- Opening Delimiter -

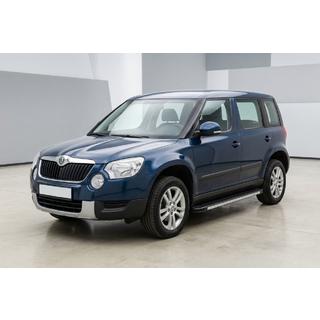 Side Steps Maya V1 (2 pcs, Aluminum) Skoda Yeti 2009-2017 photo 1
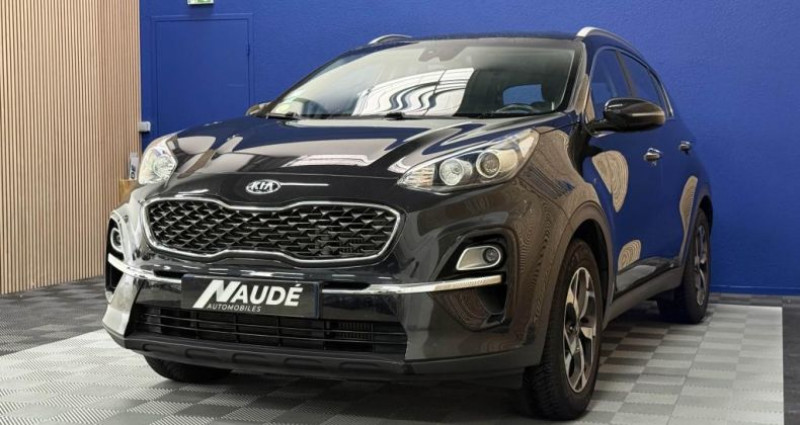 Kia Sportage 1.6 CRDI 136 CH MHEV BVA DCT7 4x2 ACTIVE - GARANTIE 2027  occasion  Lozanne - photo n3
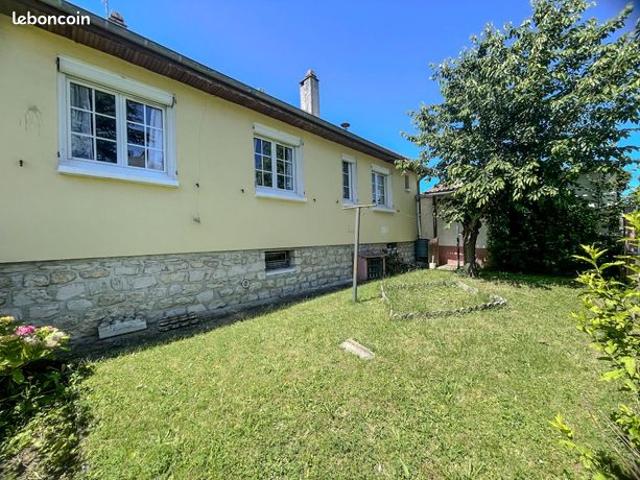 Maison de plain pied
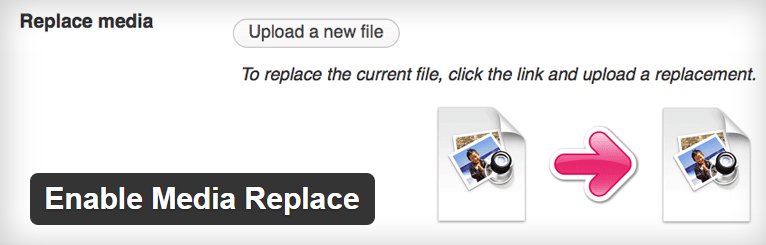 Plugin para gerenciar mídias - Enable Media Replace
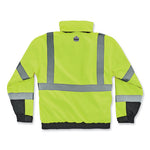 Load image into Gallery viewer, Glowear 8381 Class 3 Hi-vis 4-in-1 Quilted Bomber Jacket, Lime, X-large, Ships In 1-3 Business Days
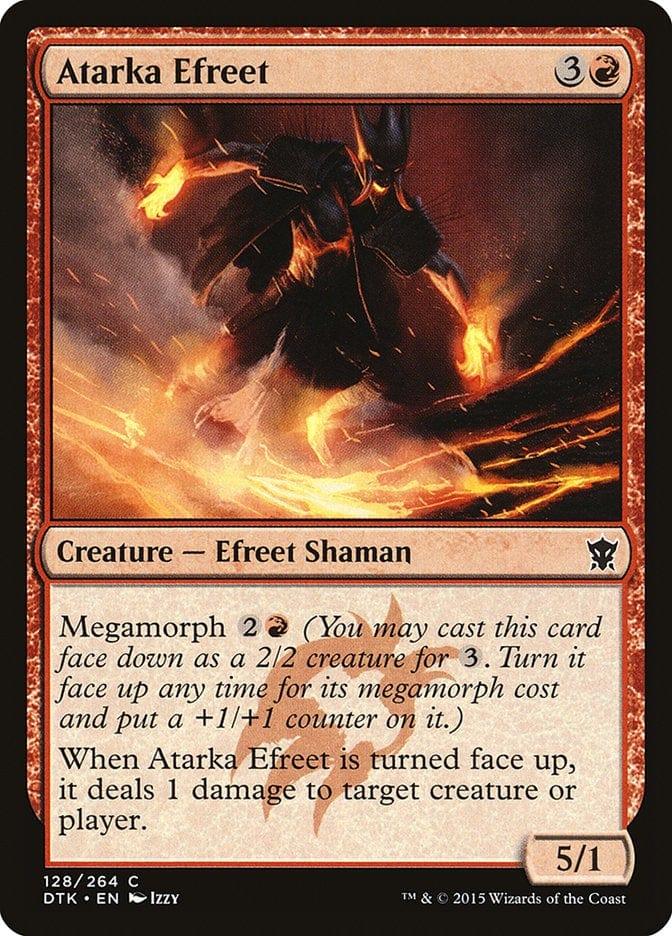 Magic: The Gathering MTG Single Atarka Efreet [Dragons of Tarkir]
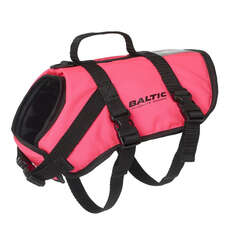 Aide À La Flottabilité Baltic Pluto Pet Float - Gilet De Sauvetage Pour Chats / Chiens - 0-8Kg - Rose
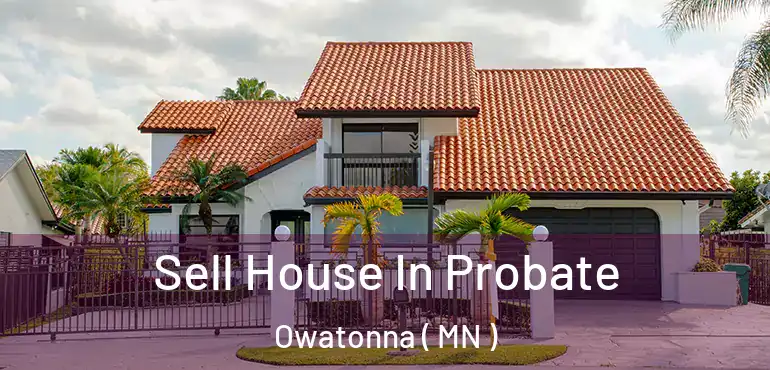  Sell House In Probate Owatonna ( MN )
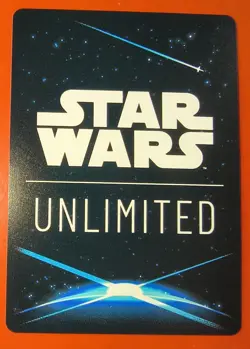 MTG, STAR WARS UNLT, LUKE SKYWALKER, 806, LEGENDARY, LAW, NM, PRESTIGE REGULAR - Image 2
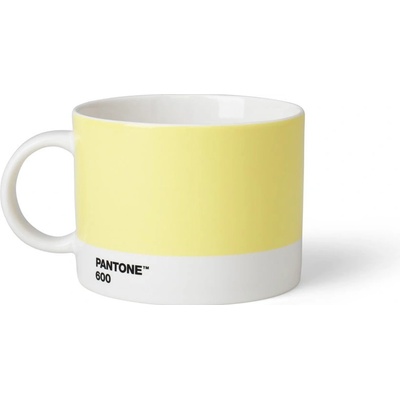 Pantone Svetložltý keramický hrnček Light Yellow 600 475 ml
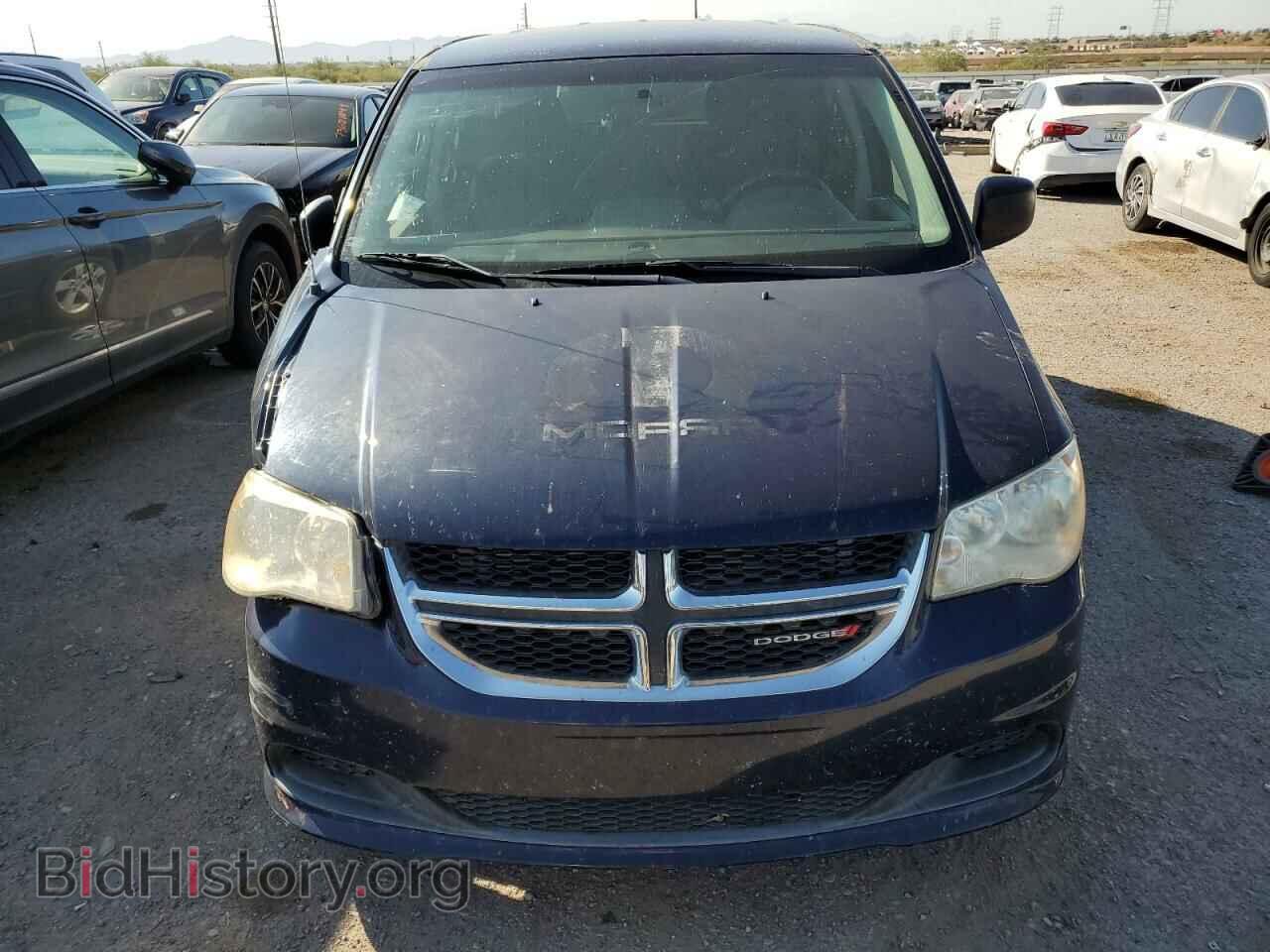 2013 DODGE CARAVAN - VIN: 2C4RDGBGXDR750841 - Фото 5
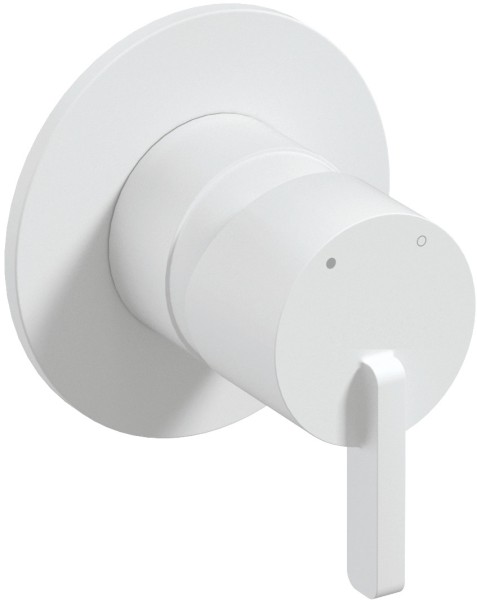 Neuesbad Serie 600 Brausearmatur Unterputz, Oberfläche: weiss matt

- Closing Delimiter -

Leave the pictures out and reproduce exactly the lines from the line with "Pantone Svetložltý keramický" to the end of the material above.

Answer below:
 Pantone Svetložltý keramický hrnček Light Yellow 600 475 ml
 2013 DODGE CARAVAN - VIN: 2C4RDGBGXDR750841 - Фото 5
 Neuesbad Serie 600 Brausearmatur Unterputz, Oberfläche: weiss matt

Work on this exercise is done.